A Letter to Lawrence Biondi, S.J.

Dear Fr. Biondi,

I am writing this to you to discuss not the graduation fee or the plethora of dismissals this summer, but, rather, your comments in the last issue of this paper.

 You commented on how you are a student advocate; you advocate for our needs on a daily basis. I want to say two things in response: I could not agree more, and thank you very much.

My cousin-in-law went to SLU many moons ago, and I have seen pictures. Needless to say, the campus looks better, the quality of faculty and students has improved and the facilities are constantly being made better. While some buildings still need work (Walsh, Clemens, etc.), I am certain those will be looked at in the near future.

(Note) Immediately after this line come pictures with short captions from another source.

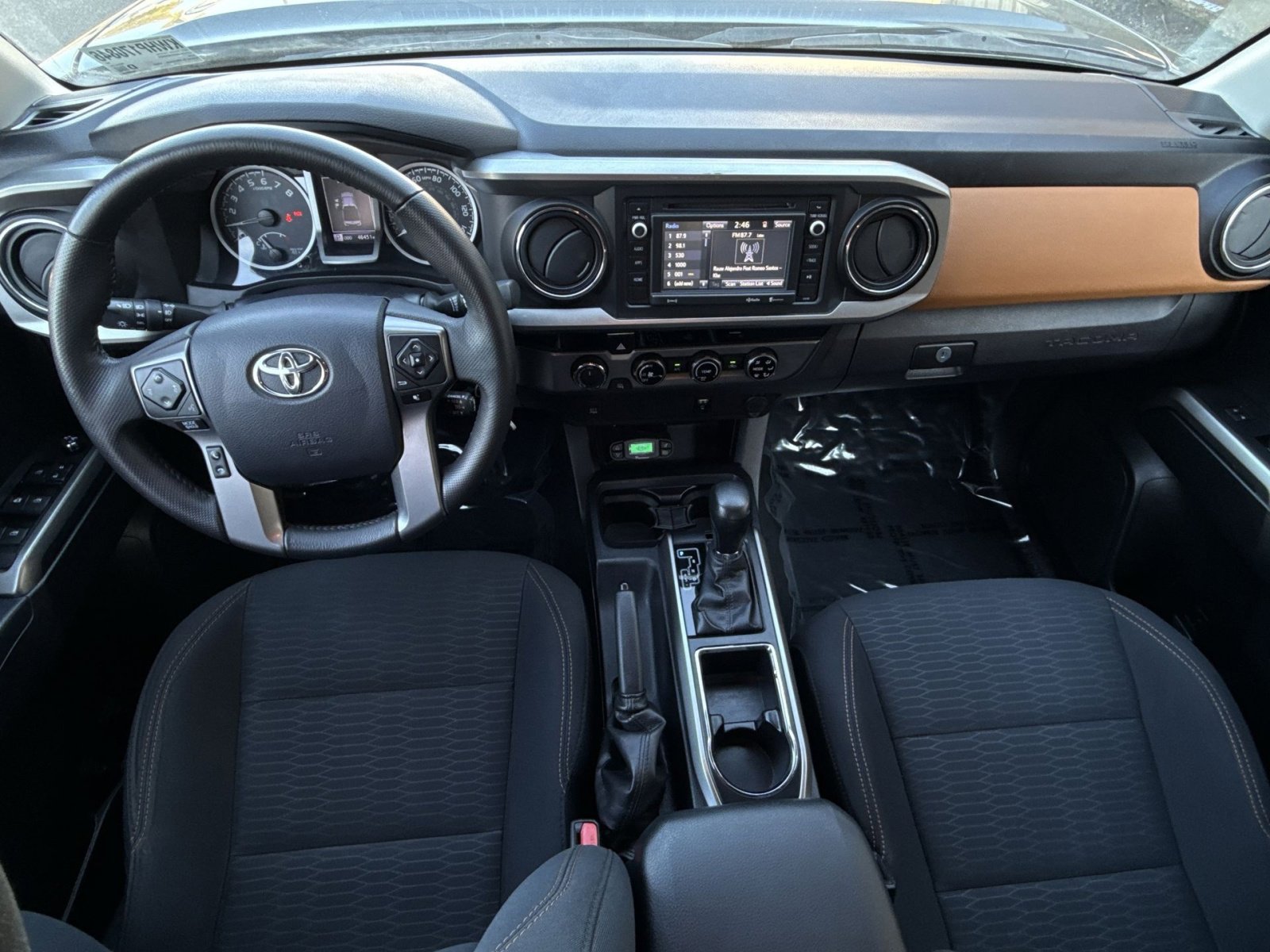 Used 2017 Toyota Tacoma SR5 AWD/4WD image 22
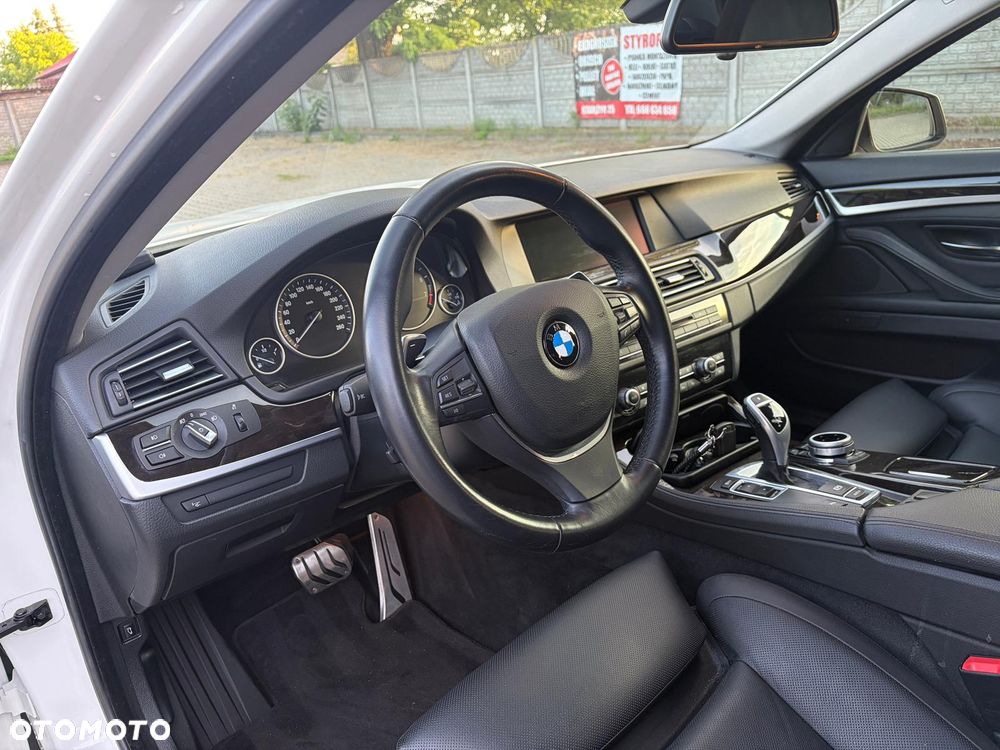 BMW Seria 5 550i - 7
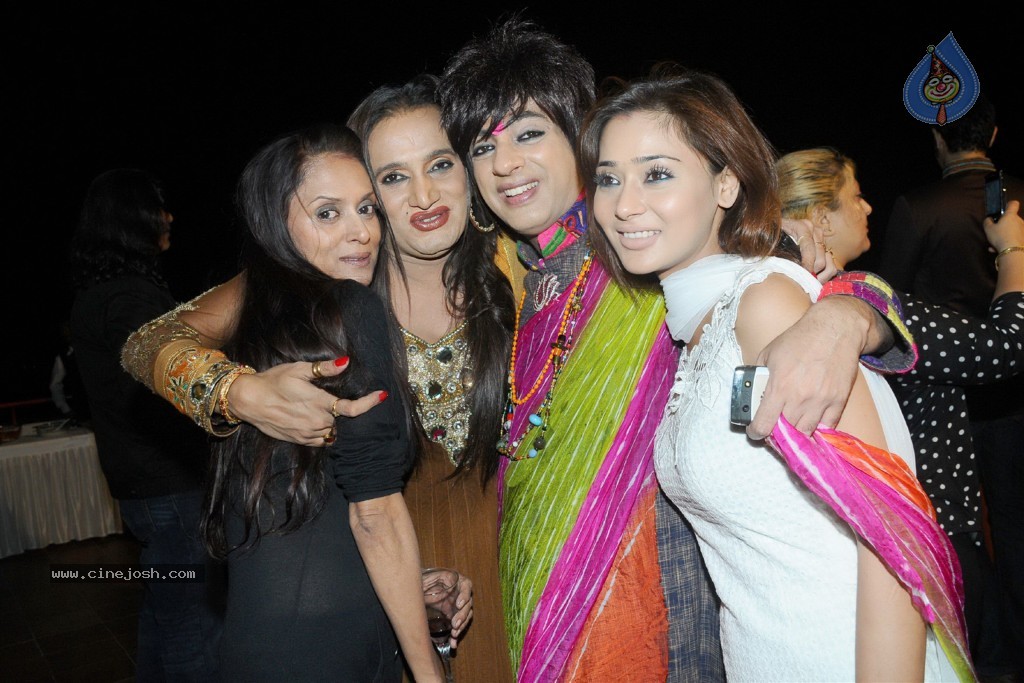 Sandip Soparkar Terrace Party Photos - 17 / 40 photos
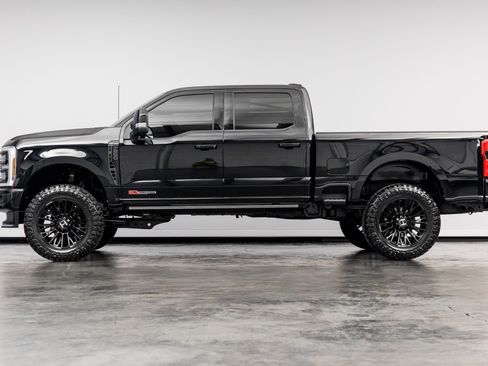 Used 2026 Ford F250 Platinum AWD/4WD image 9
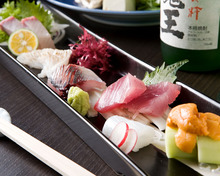 Assorted sashimi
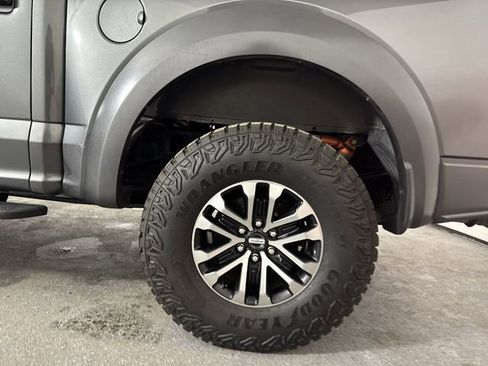 Used 2019 Ford F150 Raptor w/ Equipment Group 802A Luxury image 6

No, I respect what your administration has done, not just for the SLU campus, but for the revitalization of the Midtown area through your advocacy. However, I want to charge you with a new task. Let me tell you a story:

Fr. Biondi, you and I met inconspicuously back in April, soon after the graduation fee situation. I am sure you may not remember the experience, so that is the purpose for the story.

I was a student worker in Kathy Hagedorn’s office, and I had just made a delivery in the basement, and rushed to catch the elevator, which you and your assistant graciously held for me. At which point, you went on to speak with her about the angry students, and you asked me if I hated Fr. Biondi.

Curious, I thought, why would he ask me if I hated him? I realized later that you assumed I did not know who you were. We rode to the third floor, where you pelted me with questions about my hometown, high school, even my blood type. We exchanged jovial jabs at each other’s alma maters, and you jokingly threatened my job in the Office for the Vice President of Human Resources.

Now, here is my problem with that course of events. I have no problem with the fact that you did not know who I am. I can not and do not expect you to know every student by name on this campus—that is unfair and unrealistic. Rather, my complaint stems from you assuming I did not know who you were. You are the President of this fine institution; I feel you should assume students do know you, not the contrary.

I am not the president of a university, nor do I pretend to be. I realize your time is in high demand, and justifiably so. Still, in light of the dismissal this summer of two priests students cared for deeply, I ask you—rather, challenge you—to be more visible this year, to be more active. Numerous campus organizations lost their moderator this summer. Take over as moderator of the rugby club. Get in touch with the people you advocate for monetarily on a daily basis.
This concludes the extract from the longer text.